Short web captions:

((

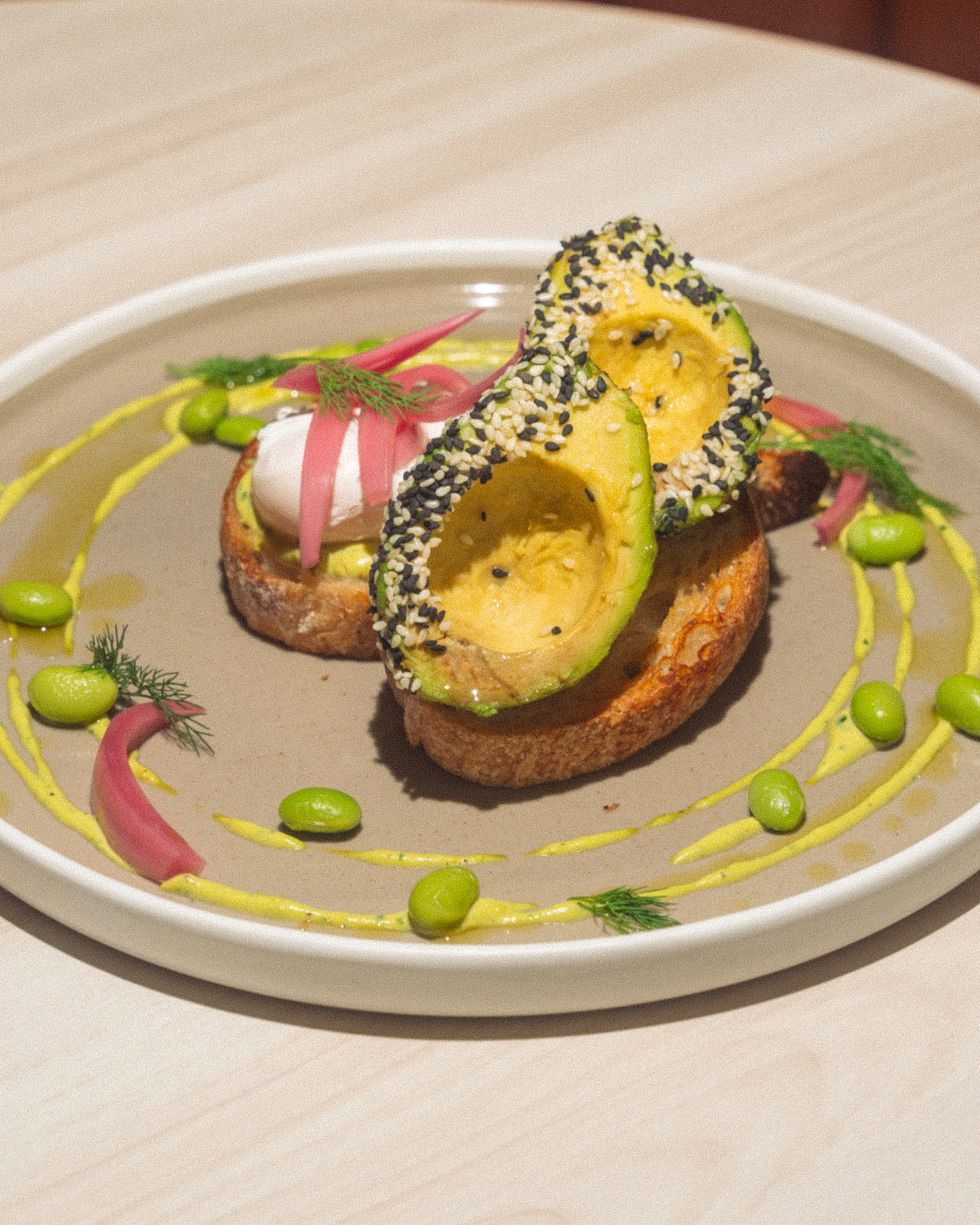 Deux tranches de pain grillé garnies d'avocat aux graines de sésame, œuf poché et oignon rouge, décorées de sauce verte, edamames et herbes fraîches sur une assiette grise.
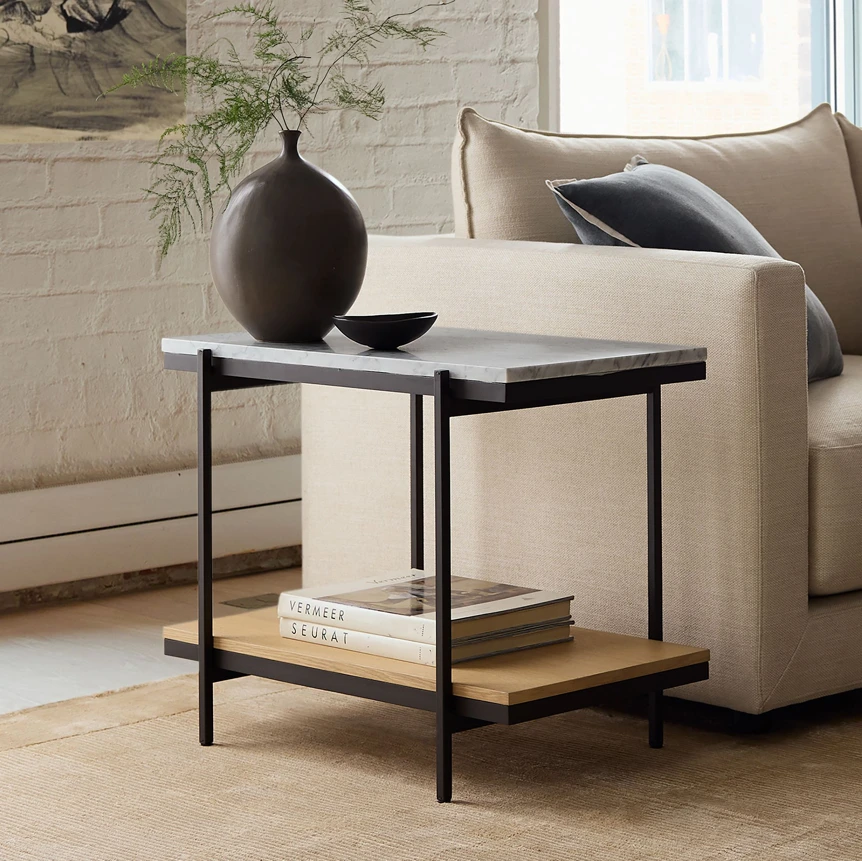 Modern two tier side table with black metal frame and white marble top next to beige sofa in living room
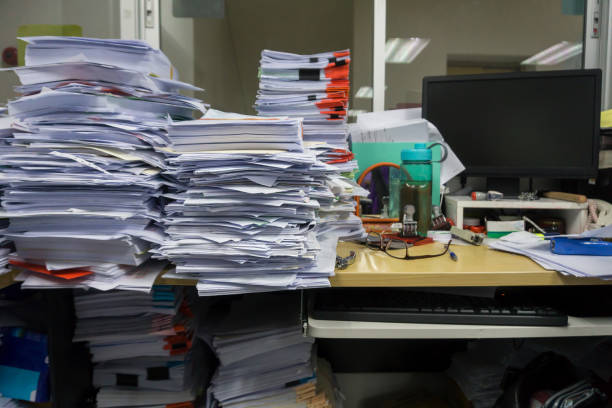 istock Busy, messy and cluttered workplace, full of documents 1323977742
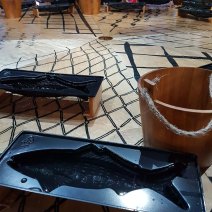 Part of a round table can be seen with black drawing imitating fishing lines. On top sits my wooden bucket and fish mould. In the background, children and adults look down at their own frozen fish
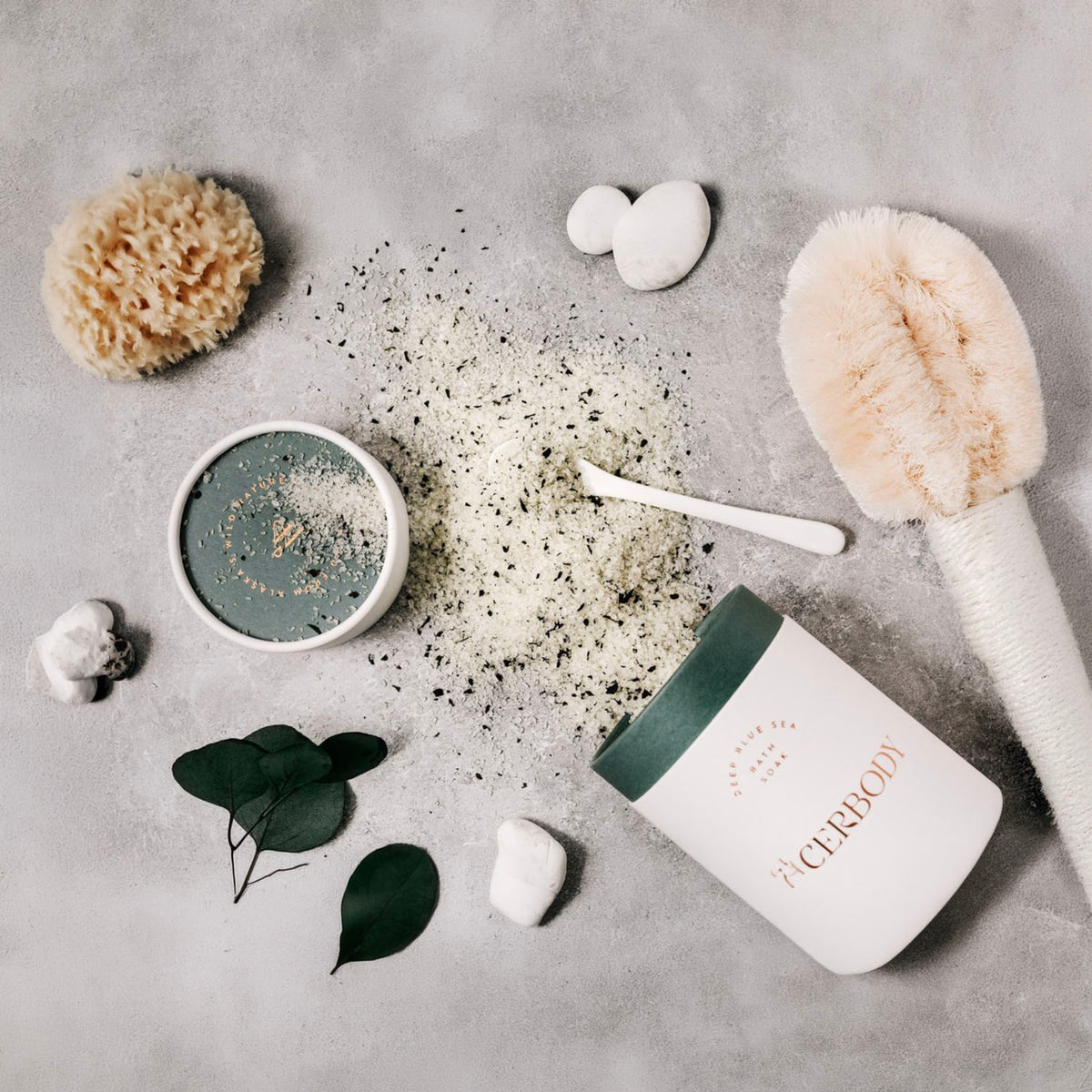 A flat-lay of a skincare product set on a textured gray background, featuring a white jar with a dark green lid labeled 'The Clerody' and 'The Clerydy' cream, alongside a small bowl of green scrub, loose powder, a sponge, a brush, and stones.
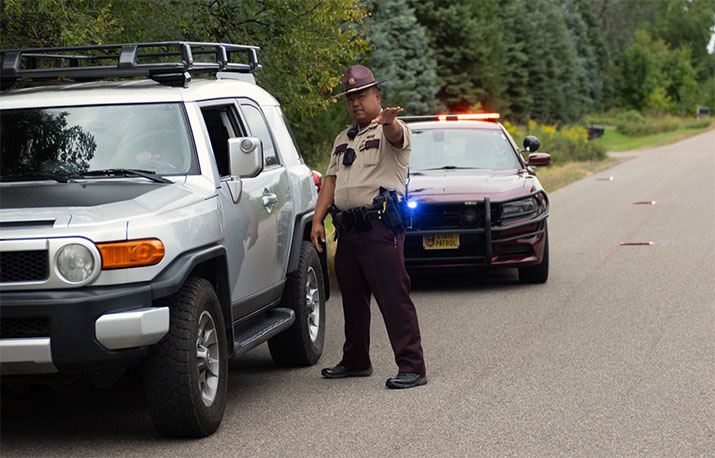A state trooper next to a vehicle on the side of the road, speaking with the driver.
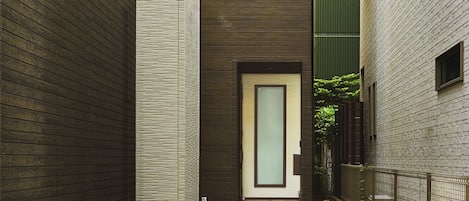 A modern building with a flat roof, a visible entrance, and a signboard with text.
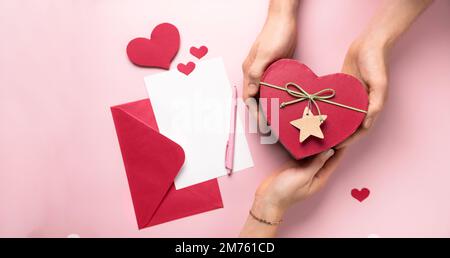 St. Valentinstagsbrief und Geschenke in herzförmiger Box in den Händen. Kopierbereich für Liebesbotschaft. Weiße Karte mit rotem Papierumschlag, Modell. Flach verlegt Stockfoto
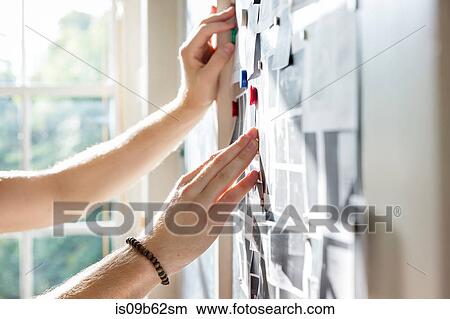 Hands of male designer pinning mood board ideas to wall in creative studio View Large Photo Image Picture - Hands of male designer pinning mood board ideas to wall in creative studio. Fotosearch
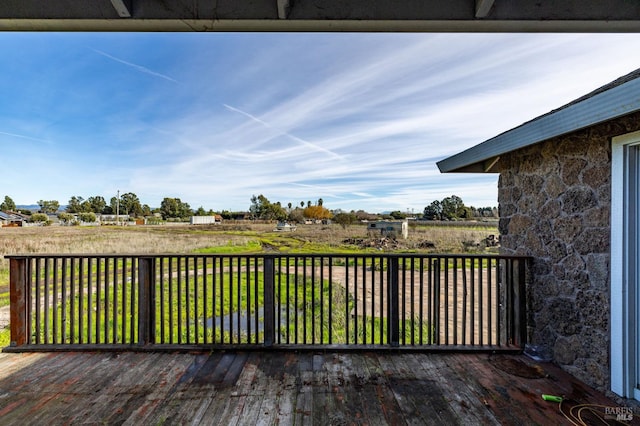 deck featuring a rural view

))

All of the records should be output exactly as they stand, with pictures omitted.

Response to this task =
 Deux tranches de pain grillé garnies d'avocat aux graines de sésame, œuf poché et oignon rouge, décorées de sauce verte, edamames et herbes fraîches sur une assiette grise.
 Modern two tier side table with black metal frame and white marble top next to beige sofa in living room
 istock Busy, messy and cluttered workplace, full of documents 1323977742
 Part of a round table can be seen with black drawing imitating fishing lines. On top sits my wooden bucket and fish mould. In the background, children and adults look down at their own frozen fish
 A flat-lay of a skincare product set on a textured gray background, featuring a white jar with a dark green lid labeled 'The Clerody' and 'The Clerydy' cream, alongside a small bowl of green scrub, loose powder, a sponge, a brush, and stones.
A state trooper next to a vehicle on the side of the road, speaking with the driver.
 A modern building with a flat roof, a visible entrance, and a signboard with text.
 St. Valentinstagsbrief und Geschenke in herzförmiger Box in den Händen. Kopierbereich für Liebesbotschaft. Weiße Karte mit rotem Papierumschlag, Modell. Flach verlegt Stockfoto
 Hands of male designer pinning mood board ideas to wall in creative studio View Large Photo Image Picture - Hands of male designer pinning mood board ideas to wall in creative studio. Fotosearch
 deck featuring a rural view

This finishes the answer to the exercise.